Spatial mapping of the provenance of storm dust: Application of data mining and ensemble modelling

A - Papers appearing in refereed journals

Gholami, G., Mohamadifar, A. and Collins, A. L. 2020. Spatial mapping of the provenance of storm dust: Application of data mining and ensemble modelling. Atmospheric Research. 233 (104716).

AuthorsGholami, G., Mohamadifar, A. and Collins, A. L.

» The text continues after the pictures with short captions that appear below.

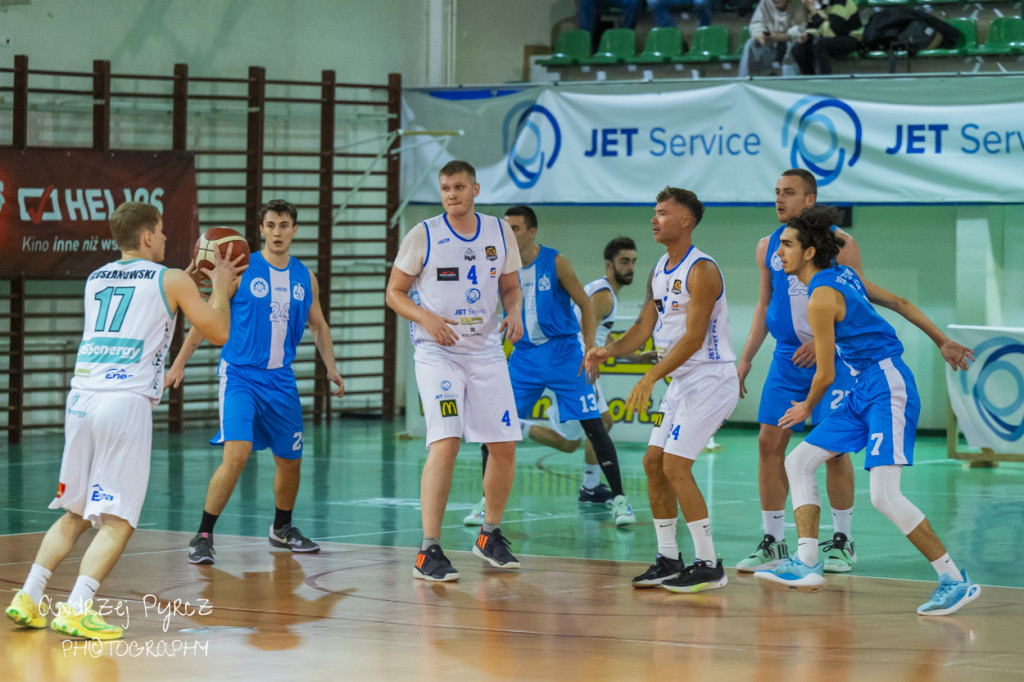 Mecz Jet Service Basket Piła vs AZS Politechnika Poznań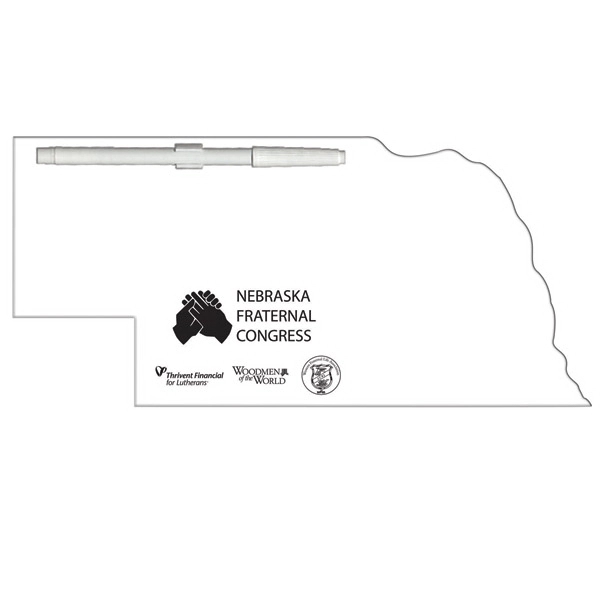 Nebraska State shaped dry erase memo board with marker.... from ASI 67620 Lion Circle Corp / Lion/Circle
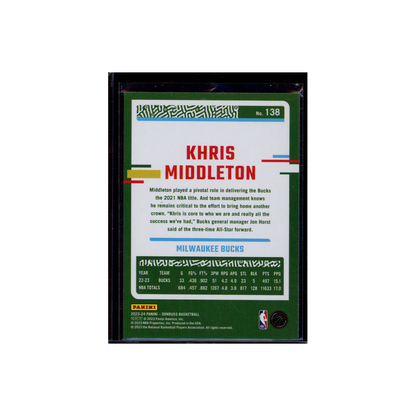 Khris Middleton 2023-24 Panini Donruss Basketball Blue Choice /49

Spatial modelling of storm dust provenance is essential to mitigate its on-site and off-site effects in the arid and
semi-arid environments of the world. Therefore, the main aim of this study was to apply eight data mining algorithms including random forest (RF), support vector machine (SVM), bayesian additive regression trees (BART), radial basis function (RBF), extreme gradient boosting (XGBoost), regression tree analysis (RTA), Cubist model and boosted regression trees (BRT) and an ensemble modelling (EM) approach for generating spatial maps of dust provenance in the Khuzestan province, a main region with active sources for producing dust in southwestern Iran. This study is the first attempt at predicting storm dust provenance by applying individual data mining models and ensemble modelling. We identified and mapped in a geographic information system (GIS), 12 potential effective factors for dust emissions comprising two for climate (wind speed, precipitation), five soil characteristics (texture, bulk density, Ec, organic matter (OM), available water capacity (AWC)), a normalized difference vegetation index (NDVI), land use, geology, a digital elevation model (DEM) and land type, and used a mean decrease accuracy measure (MDAM) to determine the corresponding importance scores (IS). A multicollinearity
test (including the variance inflation factor (VIF) and tolerance coefficient (TC)) was applied to assess relationships between the effective factors, and an existing map of dust provenance was randomly categorized into two groups consisting of training (70%) and validation (30%) data. The individual data mining models were validated using the area under the curve (AUC). Based on the TC and VIF results, no collinearity was detected among the 12 effective factors for dust emissions. The prediction accuracies of the eight data mining models and an EM assessed by the AUC were as follows: EM (with AUC=99.8%) > XGBoost>RBF > Cubist>RF > BART>SVM > BRT > RTA (with AUC=79.1%). Among all models, the EM was found to provide the highest accuracy for predicting storm dust provenance. Using the EM, areas classified as being low, moderate, high and very high susceptibility for storm dust provenance comprised 36, 13, 23 and 28% of the total mapped area, respectively. Based on MDAM results, the highest and lowest IS were obtained for the wind speed (IS=23) and geology (IS=6.5) factors, respectively. Overall, the modelling techniques used in this research are helpful for predicting storm dust provenance and thereby targeting mitigation. Therefore, we recommend applying data mining EM approaches to the spatial mapping of storm dust provenance worldwide.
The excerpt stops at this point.